During the Ansible Contributor Summit at CfgMgmtCamp, we (including SC members) discussed improving the stability of the community package.
Current collection requirements only mandate testing against stable ansible-core versions. While many maintainers voluntarily test against devel, failing to catch regressions early leads to:
User friction: Problems are only discovered after a core release.
Cascading failures: Broken collections often break their dependents, impacting the wider ecosystem.
To ensure content stability, I propose requiring collections to run tests against the devel or milestone branches of ansible-core.
I am not from any commitee, but if you mandate to test agaist devel you have to provide tools to isolate tests. As testing agains moving branch will just lead to flaky tests.
Let me explain. If I run tests against devel every day - even if I do not change anything in my collection / content tests might fail just because devel has an issue or just in a middle of refactoring.
But it I test agains specific commit in devel - every time tests run if collection has not been changed result will be the same (devel frozen to specific commit).
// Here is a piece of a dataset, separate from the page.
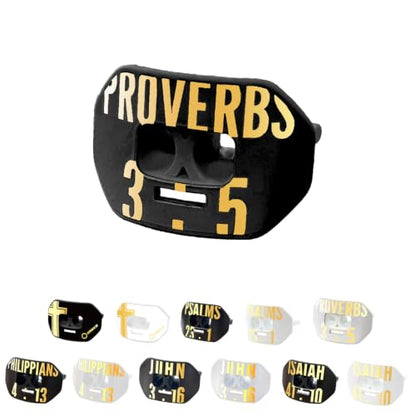 O Shield Vortex Graphic Football Mouth Guard, Proverbs 3:5 Black - color: Proverbs 3:5 Black
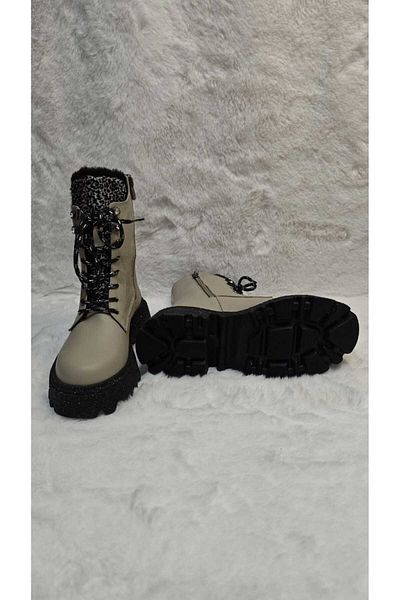 Butik Γυναικείες μπότες Merrline από γνήσιο δέρμα με κορδόνια γκλίτερ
Question is how to keep this commit I am running againts moving together with devel. That might be some tool (or its extension) like dependabot or renovate. Renovate seems to have an option to follow git references - Git Refs - Renovate Docs . This update to git reference (commit) to devel should run every week or month (depends on maintainer and how ofter they relese) and create PRs. This will allow to fix all test depedencies.
So when there will be failure because of devel update it will be evident what change (from what ref to what ref caused it).
IMO I think this requirement would be good for the wider ecosystem and allow maintainers to catch changes in ansible-core early. If this kind of requirement was in place before the ansible-core 2.19 release then possibly the whole saga with ansible.netcommon may have been caught earlier as the CI would have been failing.
to me (a maintainer of a few collections) it doesn’t feel like a big problem:
doesn’t happen too often
you can ignore failures in PRs until you fix them - yes, it doesn’t look very good, but one failure from typically tens of others green checks we run in collections doesn’t look too scary
It’s my personal view ^, though I see your concern and situations can be different
! Anyway, for people who wants more stability, there’s an option to test against the milestone branch instead of devel as PR suggests
We’ve generally said that if you test against devel, it should be “non voting”, meaning it should not impact normal operations if it causes issues. Depending on the setup, a nightly or weekly job could still report failures against devel.
The milestone branch was created to give an alternative that was closer to devel, but had predictable updates and was consistent between those updates. As of the 2.21 release schedule, we’ve switched from 3 dev phases (when the milestone branch was advanced) to 5 or 6 dev phases, and as a result the advancements are more frequent (4 weeks instead of 8).